The Election Commission of India (ECI) announced on Thursday that elections to the Karnataka state assembly will be held on May 10 and the results declared on May 13.

(Agencies/Representative use)(HT_PRINT)

The Election Commission of India (ECI) announced on Thursday that elections to the Karnataka state assembly will be held on May 10 and the results declared on May 13. Here are five charts which explain the nature of contest in detail.

Karnataka is the BJP’s only stronghold in southern India

The Bhartiya Janta Party (BJP) first formed a government in Karnataka in 2008. Although it had been part of the government earlier, that was as junior partner of the JD(S). While it emerged as the single largest party in the 2018 assembly elections, a post-poll alliance between Congress and Janata Dal Secular or JD (S) kept it out of power until July 2019. But the BJP broke ground in Karnataka much earlier, as evident in a comparison of its vote shares in general elections across five major southern states.

But its 2018 performance was relatively underwhelming

The BJP had a comfortable majority in the 28 Lok Sabha constituencies in the state in the 2014 and 2019 Lok Sabha elections. However, its 2018 assembly performance, where it fell short of a simple majority by nine MLAs, was, relatively speaking, underwhelming compared to its 2014 and 2019 performance. This suggests a marked difference in the BJP’s state and national election performance in Karnataka. Given the fact that the BJP will also be facing an anti-incumbency headwind this time, the 2023 contest could well be more difficult than the 2018 fight . To be sure, at least until now, the BJP has done well to prevent a repeat of a 2013 like situation when it faced desertions from two of its key leaders, B S Yeddyurappa and B S Sriramulu in the state, leading to a crushing loss.
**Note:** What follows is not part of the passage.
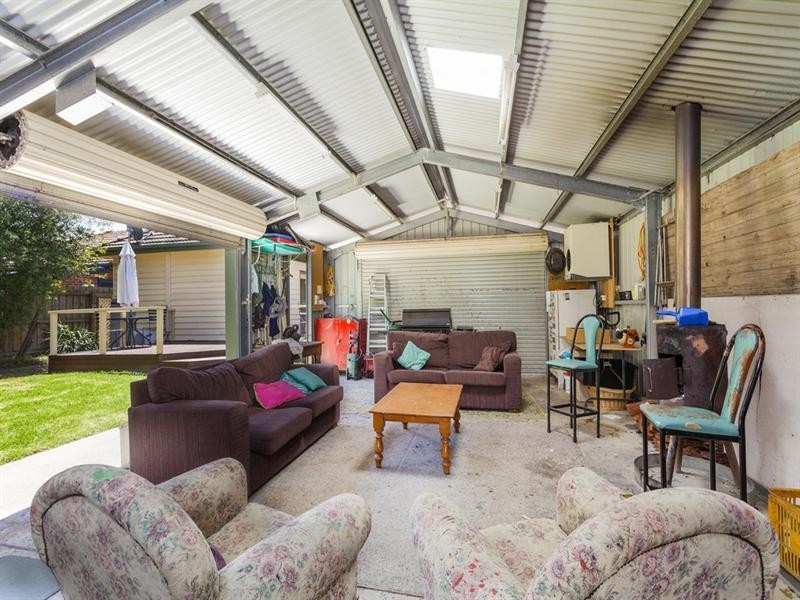 27 Calder Street, Manifold Heights VIC 3218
The Congress is always in striking distance of power in Karnataka

The Congress’s vote share in Karnataka has been close to or above the 35% mark for several decades. In a state where the wining party’s vote share has not crossed the 40% mark since 1999, this means that the Congress is always within striking distance of capturing power in the state. This state-level aggregate hides the fact that at the constituency-level, the contest may not be close when votes of other parties are regionally concentrated. For example, in the 2018 elections, the Congress finished first or second in 190 assembly constituencies (second in 112 ACs). The contest was close in 21 of these 190 ACs, as the victory margin was 2.5% or less in them. It finished first in 16 of these 21 ACs and second in only five. In almost half of the ACs where it finished second, it lost comprehensively, with the winner’s margin being 10% or more.